_Work required_: Everything in the listing below needs restating exactly, apart from the pictures.

_Record extracts_:

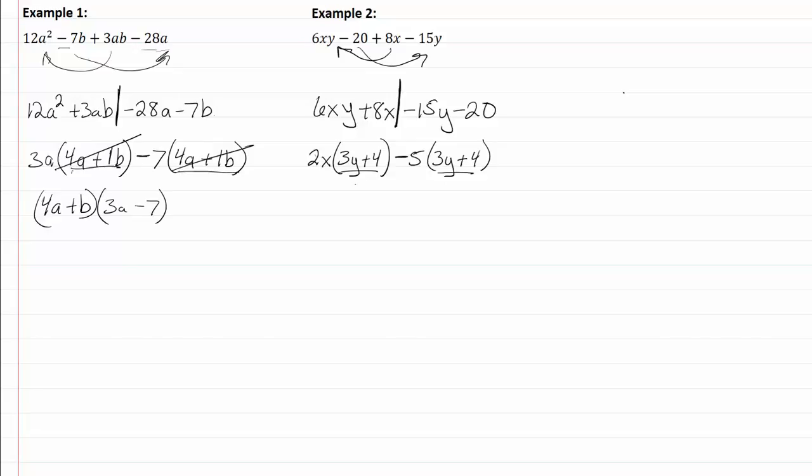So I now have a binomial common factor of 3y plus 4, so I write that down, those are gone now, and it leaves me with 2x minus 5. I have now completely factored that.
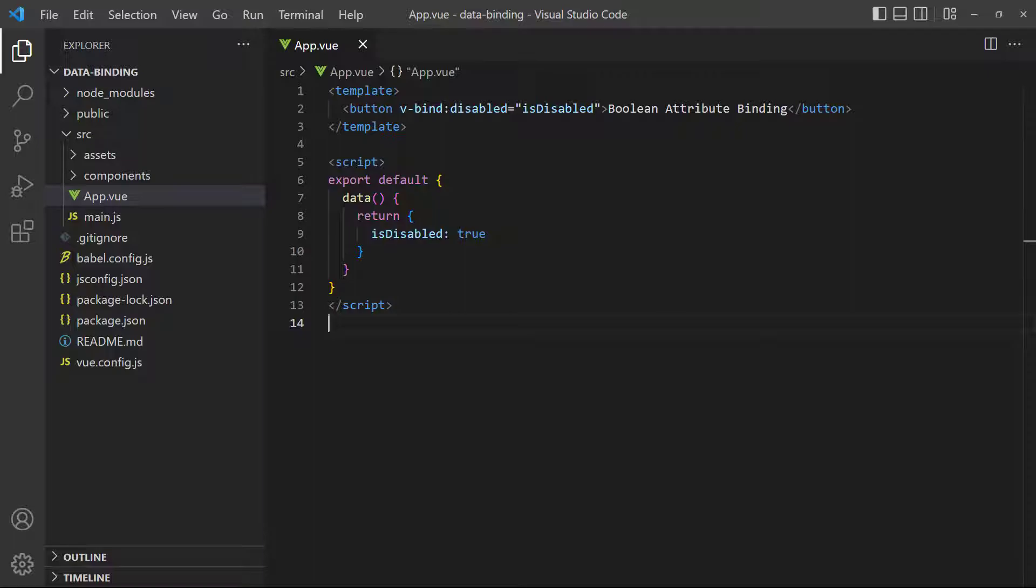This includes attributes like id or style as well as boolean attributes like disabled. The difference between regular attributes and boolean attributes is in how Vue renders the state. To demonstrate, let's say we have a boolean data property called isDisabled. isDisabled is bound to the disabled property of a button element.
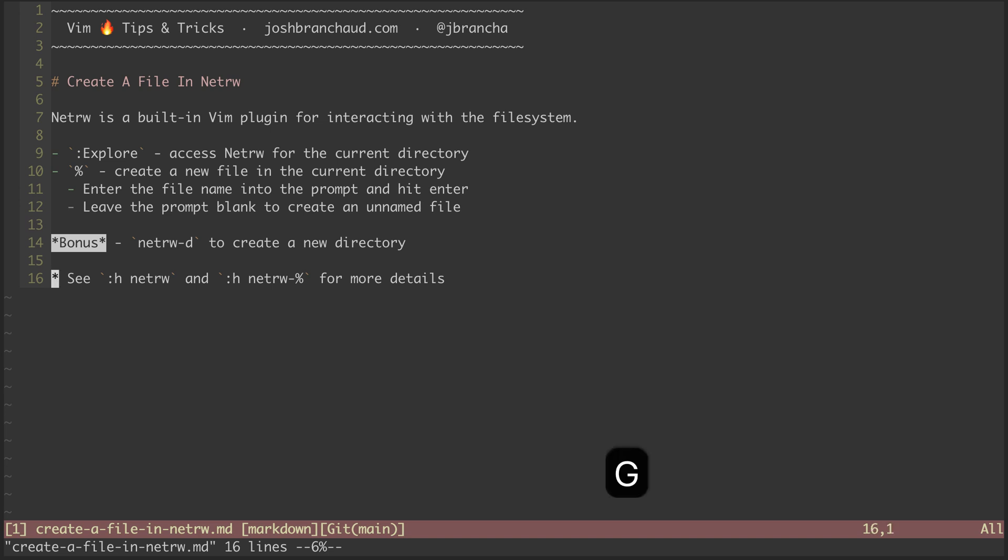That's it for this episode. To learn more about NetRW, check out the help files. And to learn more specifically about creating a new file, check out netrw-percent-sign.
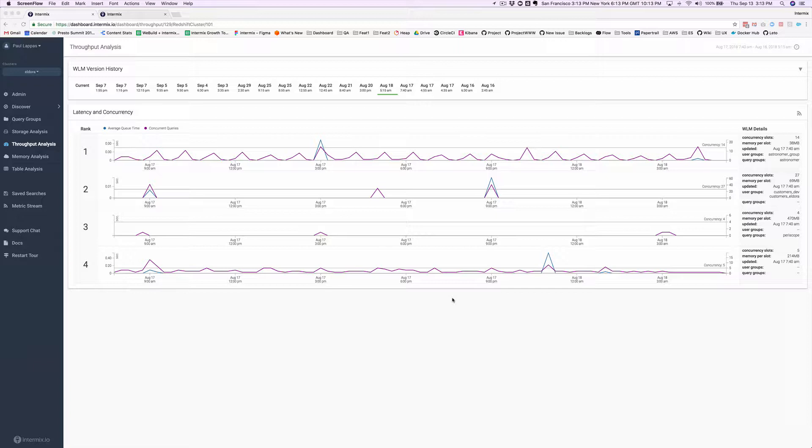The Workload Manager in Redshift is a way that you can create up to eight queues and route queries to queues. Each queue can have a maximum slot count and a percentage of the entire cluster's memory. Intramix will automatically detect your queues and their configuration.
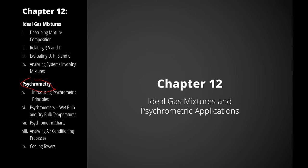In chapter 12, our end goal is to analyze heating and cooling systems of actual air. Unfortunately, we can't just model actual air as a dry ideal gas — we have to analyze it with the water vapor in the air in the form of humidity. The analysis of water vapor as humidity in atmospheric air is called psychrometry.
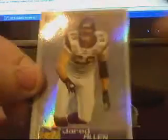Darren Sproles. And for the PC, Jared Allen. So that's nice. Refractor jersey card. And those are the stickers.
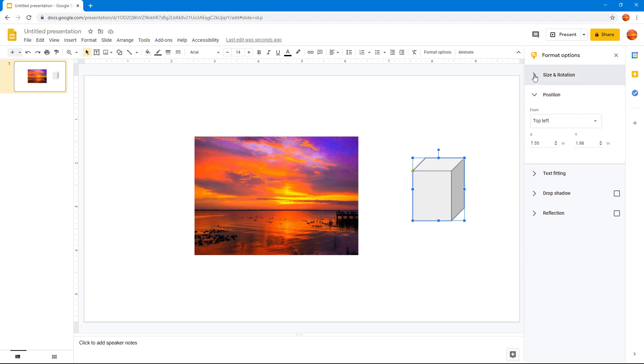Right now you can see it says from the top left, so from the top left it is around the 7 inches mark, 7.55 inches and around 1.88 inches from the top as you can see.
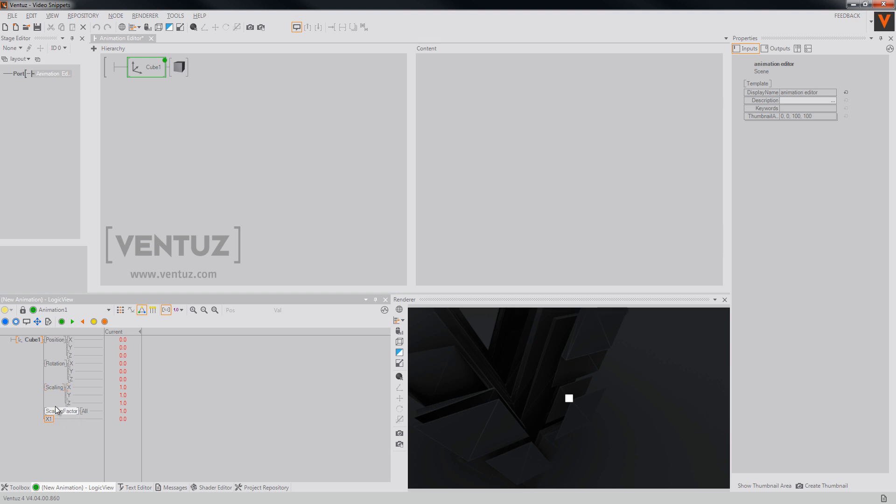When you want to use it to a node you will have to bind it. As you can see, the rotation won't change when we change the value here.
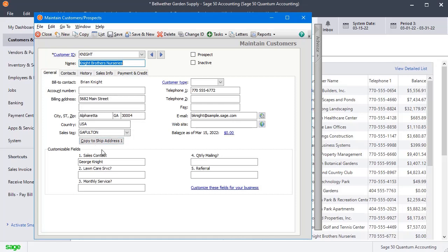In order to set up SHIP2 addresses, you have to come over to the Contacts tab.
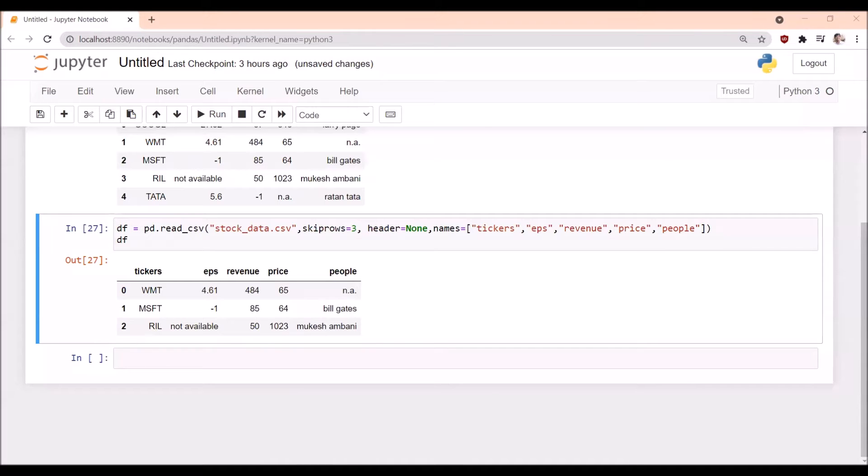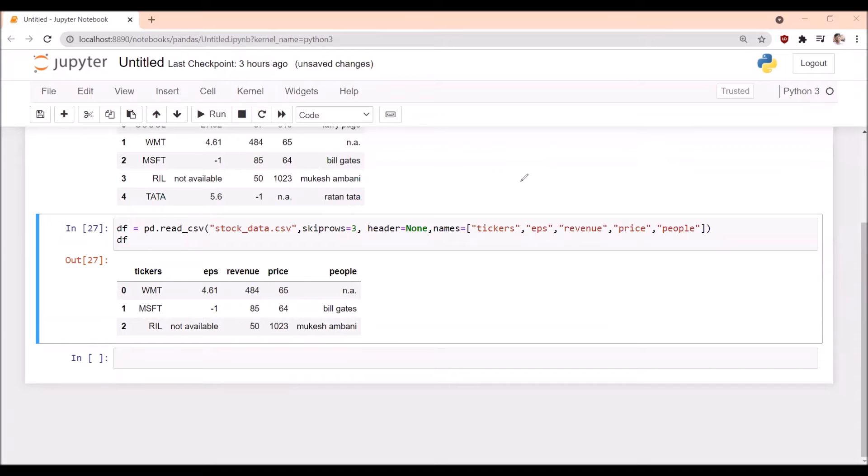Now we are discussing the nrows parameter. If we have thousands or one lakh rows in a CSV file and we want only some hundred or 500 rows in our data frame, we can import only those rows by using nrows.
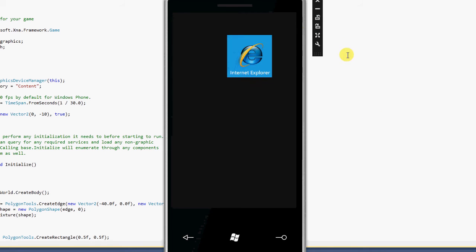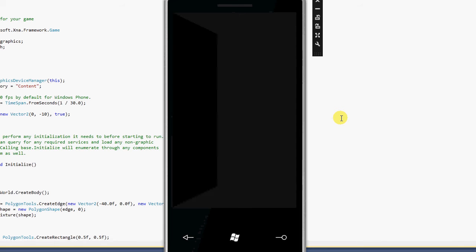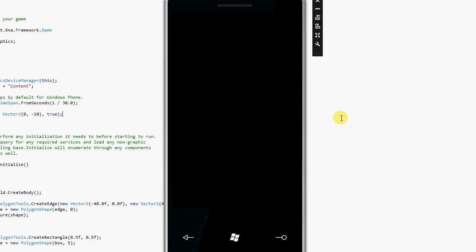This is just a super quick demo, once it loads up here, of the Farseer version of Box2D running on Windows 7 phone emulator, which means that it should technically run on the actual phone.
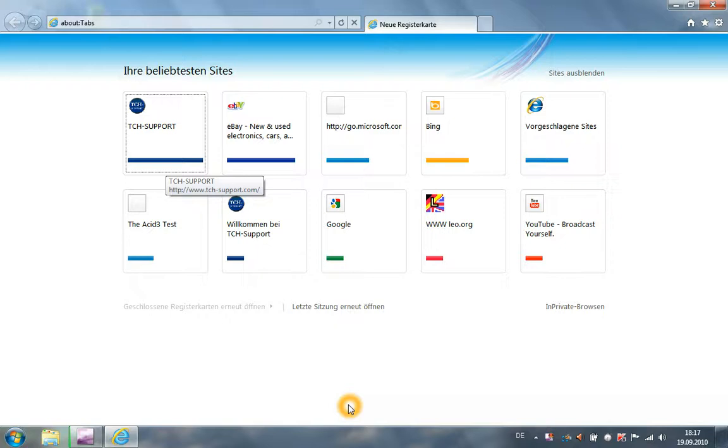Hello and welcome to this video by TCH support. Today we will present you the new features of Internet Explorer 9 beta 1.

_The completed task_:
So I now have a binomial common factor of 3y plus 4, so I write that down, those are gone now, and it leaves me with 2x minus 5. I have now completely factored that.
This includes attributes like id or style as well as boolean attributes like disabled. The difference between regular attributes and boolean attributes is in how Vue renders the state. To demonstrate, let's say we have a boolean data property called isDisabled. isDisabled is bound to the disabled property of a button element.
That's it for this episode. To learn more about NetRW, check out the help files. And to learn more specifically about creating a new file, check out netrw-percent-sign.
The Workload Manager in Redshift is a way that you can create up to eight queues and route queries to queues. Each queue can have a maximum slot count and a percentage of the entire cluster's memory. Intramix will automatically detect your queues and their configuration.
In chapter 12, our end goal is to analyze heating and cooling systems of actual air. Unfortunately, we can't just model actual air as a dry ideal gas — we have to analyze it with the water vapor in the air in the form of humidity. The analysis of water vapor as humidity in atmospheric air is called psychrometry.
Darren Sproles. And for the PC, Jared Allen. So that's nice. Refractor jersey card. And those are the stickers.
Right now you can see it says from the top left, so from the top left it is around the 7 inches mark, 7.55 inches and around 1.88 inches from the top as you can see.
When you want to use it to a node you will have to bind it. As you can see, the rotation won't change when we change the value here.
In order to set up SHIP2 addresses, you have to come over to the Contacts tab.
Now we are discussing the nrows parameter. If we have thousands or one lakh rows in a CSV file and we want only some hundred or 500 rows in our data frame, we can import only those rows by using nrows.
This is just a super quick demo, once it loads up here, of the Farseer version of Box2D running on Windows 7 phone emulator, which means that it should technically run on the actual phone.
Hello and welcome to this video by TCH support. Today we will present you the new features of Internet Explorer 9 beta 1.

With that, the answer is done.